In parallel with preparing for the second series of Out of the Unknown, Shubik was tasked with producing another anthology series: Thirteen Against Fate, adaptations of short stories by Maigret creator Georges Simenon. To assist her, she was assigned a script editor—initially Rodney Gedye, and then when Gedye left following clashes with Shubik, Michael Imison. As with series one, finding suitable stories for adaptation remained a problem. On her annual visit to New York, Shubik placed an advertisement looking for stories in the Science Fiction Writers Association Bulletin. One author who answered the advertisement was Larry Eisenberg, whose stories The Fastest Draw and Too Many Cooks were commissioned. Two further adaptations, of E.M. Forster's "The Machine Stops" and Mordecai Roshwald's Level 7 (dramatised as "Level Seven"), were scripts that had been offered, without success, to film studios for some years. Another script, adapting Colin Kapp's Lambda 1, had been commissioned for series one but shelved, owing to technical considerations about how it could be realised. When special effects designer Jack Kine indicated that he had a solution to the technical challenges, the script was brought back into production for series two. Five further adaptations were commissioned: John Rankine's The World in Silence, Henry Kuttner's The Eye, Frederik Pohl's Tunnel Under the World and Isaac Asimov's "Satisfaction Guaranteed" and "Reason" (dramatised as "The Prophet"). Three original stories—"Frankenstein Mark II" by Hugh Whitemore, "Second Childhood" by Hugh Leonard and "Walk's End" by William Trevor—were also commissioned.

In response to Kenneth Tynan's use of the word "fuck" on the satirical programme BBC-3, Sydney Newman issued directives to his producers regarding language and content. In the case of Out of the Unknown, this led to particular attention being paid to the scripts for "Second Childhood" (about reawakening of sexual desire when an elderly man undergoes a rejuvenation process) and "Satisfaction Guaranteed" (about a woman taking a robot as a lover). The theme music was changed to a less trippy, more theatrical version with a faster pace.

Series two was broadcast on Thursday nights at 9:30pm, beginning with the episode "The Machine Stops" on 6 October 1966. The new series was promoted in listings magazine Radio Times with a front cover of "The Machine Stops"’ star Yvonne Mitchell and an article previewing the upcoming episodes, written by Michael Imison. The two most notable productions of the series were "The Machine Stops" and "Level Seven". "The Machine Stops", directed by Philip Saville, was a particularly challenging production—later described by Shubik as "the most complex and technically demanding script I have ever had in my hand"—requiring large and complex sets, including construction of one with a working monorail.
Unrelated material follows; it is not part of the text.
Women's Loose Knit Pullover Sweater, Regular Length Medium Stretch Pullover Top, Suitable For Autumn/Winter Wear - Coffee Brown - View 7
The effort paid off, however, as the adaptation was met with good reviews ("A haunting film – and a deeply disturbing one" – The Times) and was awarded first prize at the Fifth Festival Internazionale del Film di Fantascienza (International Science Fiction Film Festival) in Trieste on 17 July 1967. Due to the expected complexities of editing, the episode was recorded onto 35mm film instead of videotape, and still exists as this original film negative. As such, it is the only episode produced during the show's black and white era to exist in its original broadcast format.

"Level Seven" was adapted by J. B. Priestley and directed by Rudolph Cartier. Priestley's script had begun life as a potential screenplay for a feature film, and condensing it down to Out of the Unknown'''s standard running time of fifty minutes proved impossible. In the end, Shubik convinced the management of the BBC to allow "Level Seven" to run to sixty minutes as a one-off exceptional measure. Reviewing "Level Seven" in The Listener, J. C. Trewin said, "the tension was inescapable, the excitement incontestable, more so, undoubtedly, than other thrusts into the future". The robot costumes created for "The Prophet" were later reused in the Doctor Who serial "The Mind Robber".
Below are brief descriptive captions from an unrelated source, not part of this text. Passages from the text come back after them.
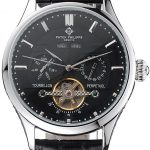 Patek Philippe Day Date Tourbillon Black Dial Stainless Steel Case Black Leather Strap  622839
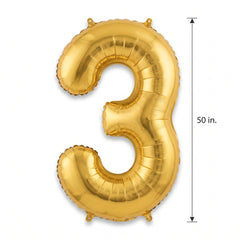 Gold Number 3 Foil Balloon - 50-Inch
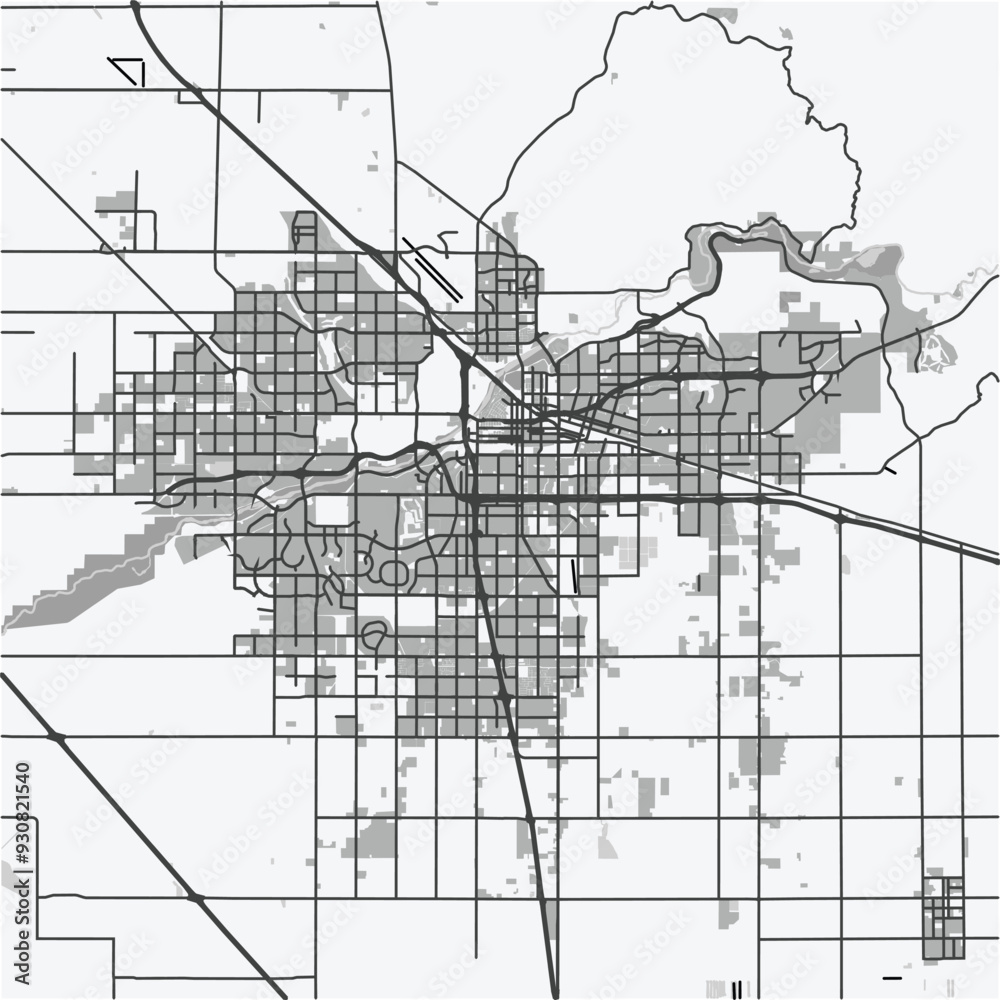 Fototapeta premium Map of Bakersfield in California in grayscale. Contains layered vector with roads water, parks, etc.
Despite its positive reception, only four of the thirteen episodes are known to survive. Series two of Out of the Unknown had built on the success of the first series. However, as Irene Shubik and Michael Imison began work on the third series, major changes were implemented.

Series three

Shubik was in the middle of her third trip to New York in early 1967 when she received a call from Sydney Newman offering her the opportunity to co-produce, with Graeme McDonald, BBC1's most prestigious drama slot, The Wednesday Play. Shubik accepted the new post but insisted that she be given time to commission a full series of Out of the Unknown scripts before moving on to The Wednesday Play and handing Out of the Unknown over to a new production team. At the same time, Michael Imison also moved on to produce Thirty Minute Theatre.

For series three, Shubik commissioned dramatisations of stories by Robert Sheckley (Immortality, Inc.); Isaac Asimov (Liar! and The Naked Sun (the sequel to The Caves of Steel which Shubik had dramatised for Story Parade in 1963)); John Brunner (The Last Lonely Man); Clifford D. Simak (Beach Head and Target Generation); John Wyndham (Random Quest); Cyril M. Kornbluth (The Little Black Bag); Rog Phillips (The Yellow Pill) and Peter Phillips (Get Off My Cloud).  Original stories were provided by Donald Bull ("Something in the Cellar"), Brian Hayles ("1+1=1.5") and Michael Ashe ("The Fosters").  Two scripts, "The Yellow Pill" and "Target Generation", had previously been used in Shubik's earlier anthology series Out of this World.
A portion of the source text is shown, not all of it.